The power of equity to grant injunctive relief may be exercised only under demanding circumstances. No court of equity should ever grant an injunction merely because of the fears or apprehensions of the party applying for it. Those fears or apprehensions may exist without any substantial reason. Indeed they may be absolutely groundless. Restraining the action of an individual or a corporation by injunction is an extraordinary power, always to be exercised with caution, never without the most satisfactory reasons.
Defendant property owners intended to use their property to house prison parolees. The neighboring property owners and residents alleged the peaceful use and enjoyment of the surrounding properties was threatened. The trial court held that the proposed use of the property constituted a nuisance and granted a permanent injunction. On appeal of the ruling, the court ordered the judgment to be set aside and remanded with direction to render judgment for the property owner.
Did the trial court err in its grant of injunction?

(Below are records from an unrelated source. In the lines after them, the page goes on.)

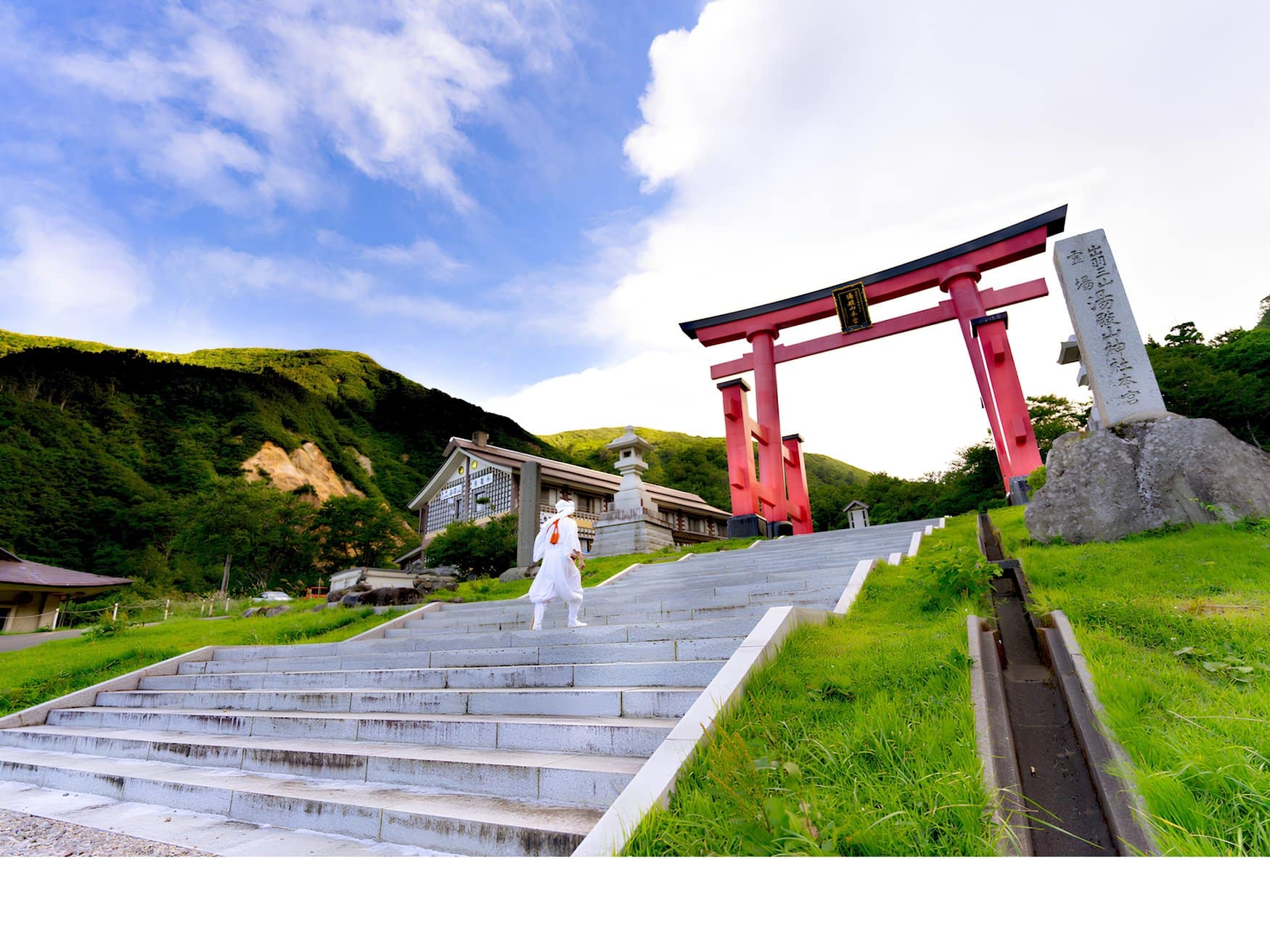 Eine Person in weißer Pilgerkleidung geht eine Steintreppe zu einem großen roten Torii hinauf, am Yudonosan im Dewa Sanzan.
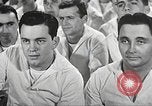 Image of standing watch United States USA, 1943, second 30 stock footage video 65675059920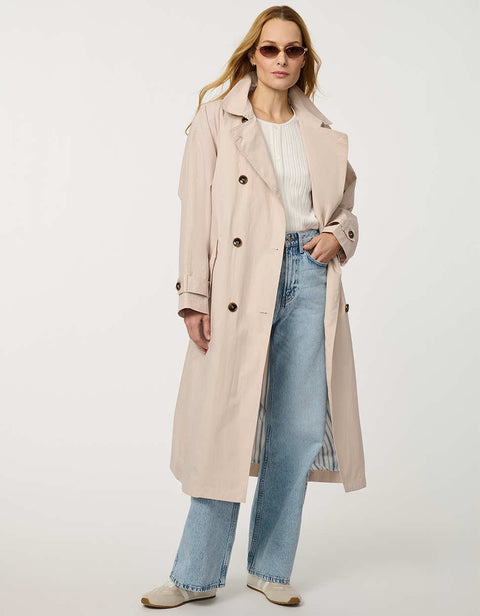 Women’s double-breasted trench coat with belted waist, cuff tabs, and striped interior lining.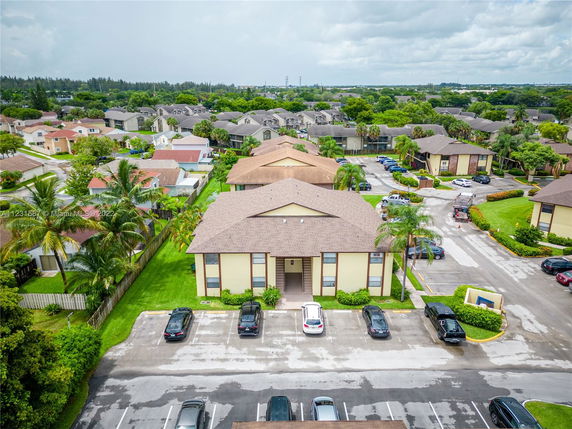 Aerial view of residential buildings with parking area and surrounding neighborhood.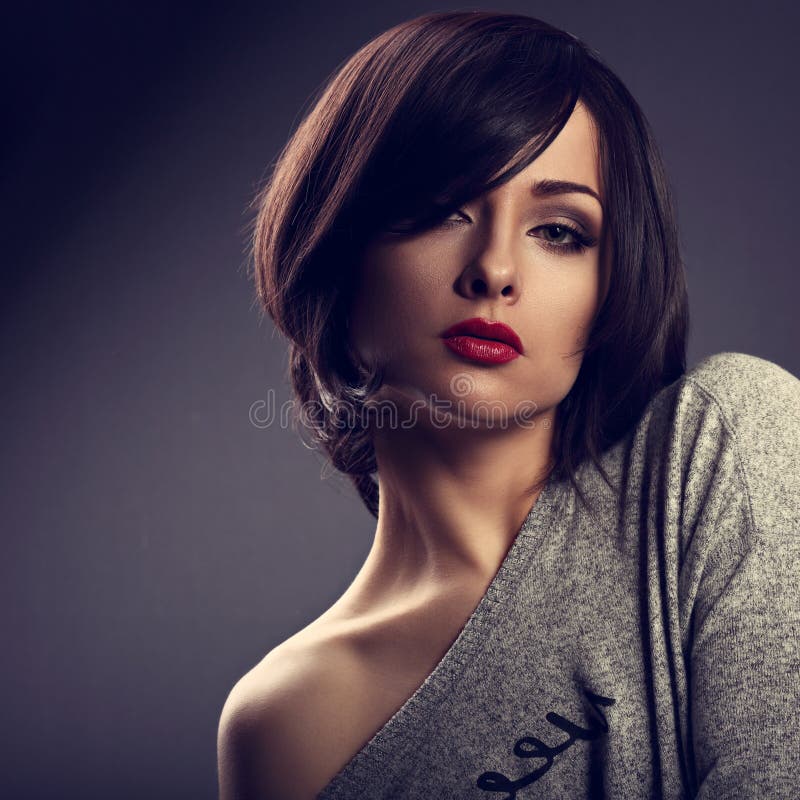 Den sexiga uttrycksfulla makeupkvinnan med kort guppar hårstil, röda kanter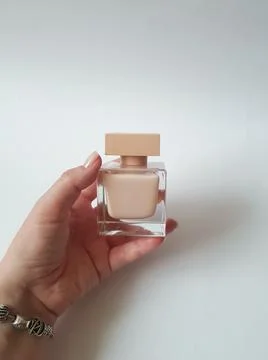 Close-up of perfumed water lying in the hand Stock Photos
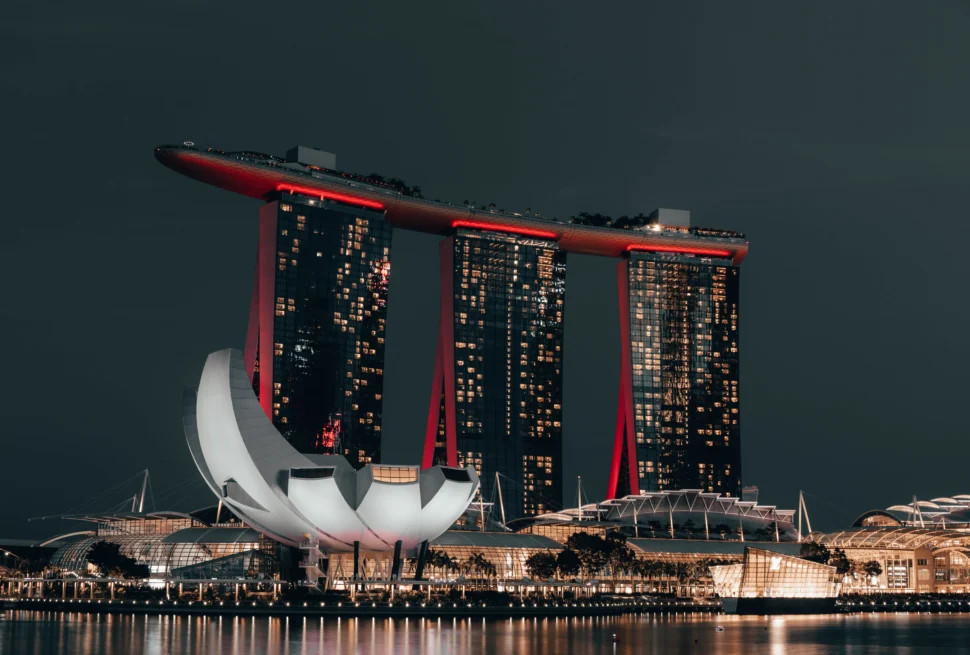 The Marina Bay Sands hotel and ArtScience Museum are lit up at night in Singapore.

The court held: (1) to meet the test of whether a proposed use constituted a nuisance, the evidence must show the proposed use of the property under the circumstances was unreasonable; (2) the property owner's proposed use was lawful; (3) the parties suing did not offer evidence to prove any specific acts or pattern of behavior that would cause them harm; (4) their fears and apprehensions based on speculation could not justify the granting of injunctive relief; (5) the claim of depreciated property values also did not warrant granting injunctive relief; (6) there was an insufficient factual showing that the proposed use of the property was unreasonable or that the prospective residents of the halfway house would engage in unlawful activities in the neighborhood; and (7) the trial court committed error in granting an injunction.